Ritengo che politicizzare (ovvero ideologizzare) il confronto sulla scuola odierna nel banale dualismo sinistra-destra, innovatori-conservatori sia il peccato (o il delitto) d’origine che più avvelena i pozzi del dibattito, perché produce a priori un rovinoso depistaggio rispetto ai termini concreti della questione e alla loro corretta risoluzione.


Lessi tempo fa, in una rivista culturale online, una sorta di recensione dialogata tra due noti, sedicenti sostenitori della scuola ‘progressista’ seguita da vari commenti dei lettori sopra un libro appena uscito di Ricolfi-Mastrocola (Il danno scolastico). Sia l’articolo che diversi commenti esprimevano giudizi ironici o indignati su quel libro e una scandalizzata sorpresa circa altri commenti, per lo più di insegnanti, che invece lo apprezzavano. Quel libro a quattro mani, come molti sapranno, illustra e interpreta con competenza e con preoccupazione dati statistici sul declino formativo della nostra scuola superiore negli ultimi decenni. Un libro documentato e argomentato, discutibile certamente come qualsiasi altro, ma fondato molto più su dati di fatto e su esperienze concrete che non su astratti principi o generiche opinioni. Ebbene sia i recensori sia i commentatori che stroncavano il libro non portavano una (dico: una) vera argomentazione documentata a sostegno della loro stroncatura. La quale si basava esclusivamente sulla presunzione, del tutto preconcetta, che la scuola ‘nuova’ (quella del pedagogismo, delle competenze, dei progetti ecc.) sia l’unica capace di fornire ai ragazzi una formazione davvero efficace e aggiornata ai tempi. Eppure onestà intellettuale e dialettica esigeva un solo modo per tagliare la testa al toro e invalidare le tesi degli autori: addurre cioè, a propria volta, dati concreti e prove attendibili che smentissero la sconfortante realtà da loro denunciata. Dimostrare cioè, in soldoni, che la scuola di adesso prepara e istruisce molto di più e meglio di quella di quaranta anni fa. Quella sconcertante recensione – con tutti i suoi commenti – rappresenta in realtà un campione perfetto dell’attuale, desolante status quaestionis intorno alla nostra scuola. Uno sterile dibattito tra sordi in perenne stallo perché, prescindendo dalla scuola effettuale, non riesce quasi mai a schiodarsi da cieche pregiudiziali ideologiche e produce così soltanto anatemi o insopportabili (almeno per me) strumentalizzazioni politiche.

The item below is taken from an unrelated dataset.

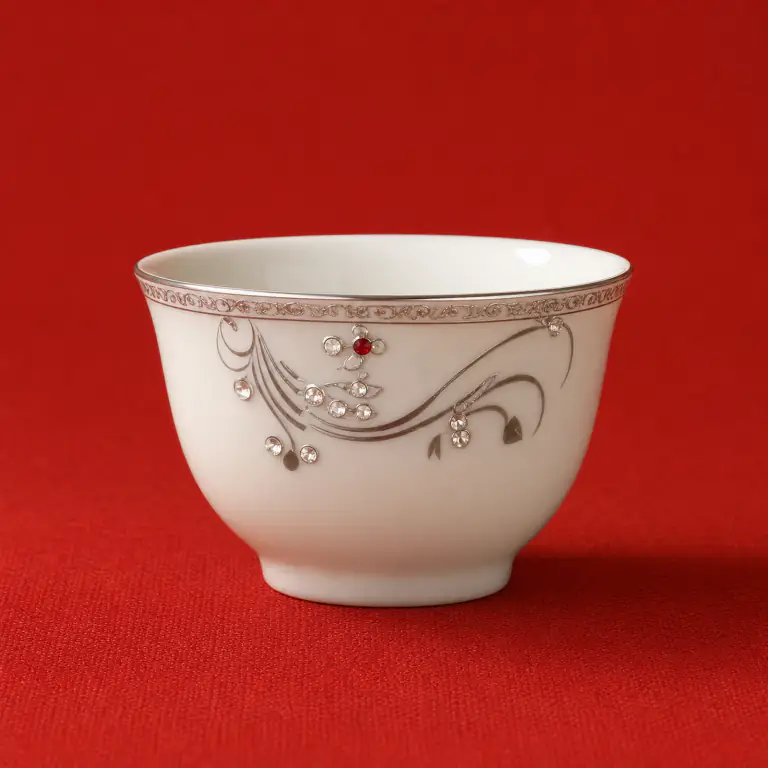 Ivory Beaded Tea Bowl shown on a red studio background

La sordità consiste schematicamente in questo:

A (il ‘progressista’) sostiene che la scuola non funziona perché i presunti ‘grandi’ progressi pedagogici e didattico-metodologici degli ultimi decenni verrebbero ancora colpevolmente ignorati o trascurati dai prof, i quali continuerebbero invece a insegnare, per comodità o per inerzia, come si insegnava una volta (lezioni frontali, libri di testo, compiti a casa, verifiche ecc.).

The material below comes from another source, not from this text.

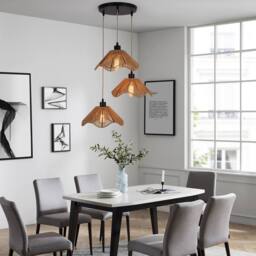 NIVOR 3 Light Boho Chandelier Light Fixture, Farmhouse Rattan Pendant Light in Brown - thumbnail 9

B (il ‘conservatore’) sostiene che la scuola non funziona più proprio perché ormai avrebbe adottato o assorbito acriticamente su larga scala (specie nella fascia dell’obbligo) la vulgata neo-pedagogica e didattico-metodologica sponsorizzata o imposta dal ministero, depauperando e polverizzando di fatto i contenuti culturali e le programmazioni disciplinari a vantaggio di teorie, tecniche e attività didattiche pretenziosamente nuove ma scientificamente indimostrate e praticamente inutili o dannose.

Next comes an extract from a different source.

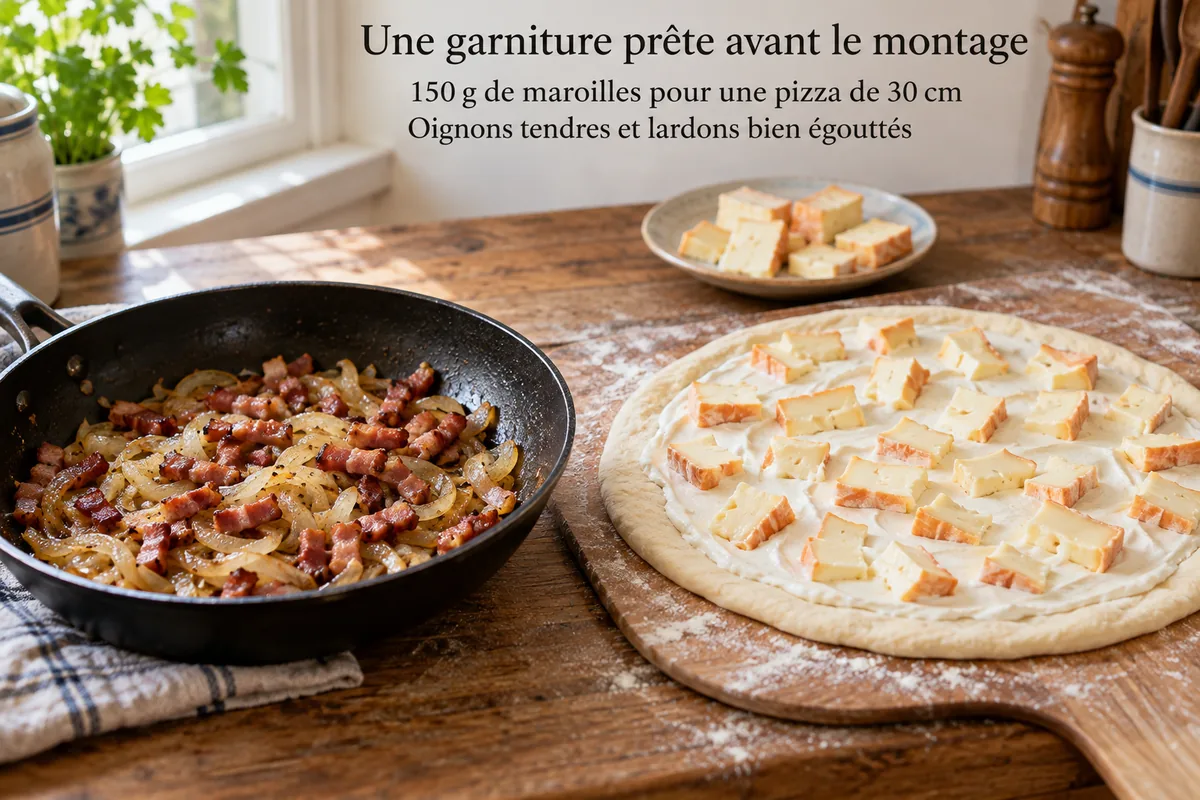 Oignons et lardons cuits à la poêle à côté de la pâte garnie de crème et de morceaux de maroilles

Insomma: A. considera la ‘tradizione’ il male e la ‘innovazione’ la medicina; B. l’esatto contrario.

Parlo adesso per me: ignoro, in tutta franchezza, quale possa essere la terapia risolutiva. Forse in una società complessa e ingovernabile come l’attuale, non esiste. Ma non ho dubbi su quale sia il male maggiore da combattere nella scuola di adesso. E quel male – a mio avviso – coincide in gran parte con quello denunciato dai (veri o presunti) ‘conservatori’: nella scuola autonoma di casa nostra (parlo soprattutto dei licei) la libertà di insegnamento e di pensiero ormai non esiste più, perché i diktat del ministero hanno pian piano trasformato il corpo insegnante in una obbediente schiera di api operaie addette soprattutto a eseguirne le mille pretenziose e astruse disposizioni, le mille anonime ed implacabili parole d’ordine. Spacciate (spessissimo a torto) per avanzate e scientifiche innovazioni queste disposizioni e queste parole d’ordine, di fatto, non si discutono né si contestano quasi più apertamente nel merito, nemmeno in sede sindacale, e diventano così, giocoforza, idoli da venerare e soprattutto da inverare ad ogni costo e contro ogni realistico buonsenso. La gestione dei BES è in proposito soltanto un esempio fra molti, forse il più paradossale ma anche il più significativo, di questa deriva. Insomma: credere, obbedire e (con le armi miserelle che si hanno a disposizione) persino combattere. Il luogo della cultura e dello spirito critico per eccellenza sta diventando pian piano un sistema burocratico-ideologico-logistico totalitario.

Ovvio per molti che questi diktat spesso nascondono – ma nemmeno troppo – secondi fini, più e meno sensatamente perseguiti, più e meno immediati, solidamente contabili o latamente politici: risparmio, definanziamento pubblico, marketing del consenso e delle iscrizioni, supporto ai poteri forti o ai governi di turno, privatizzazione strisciante ecc.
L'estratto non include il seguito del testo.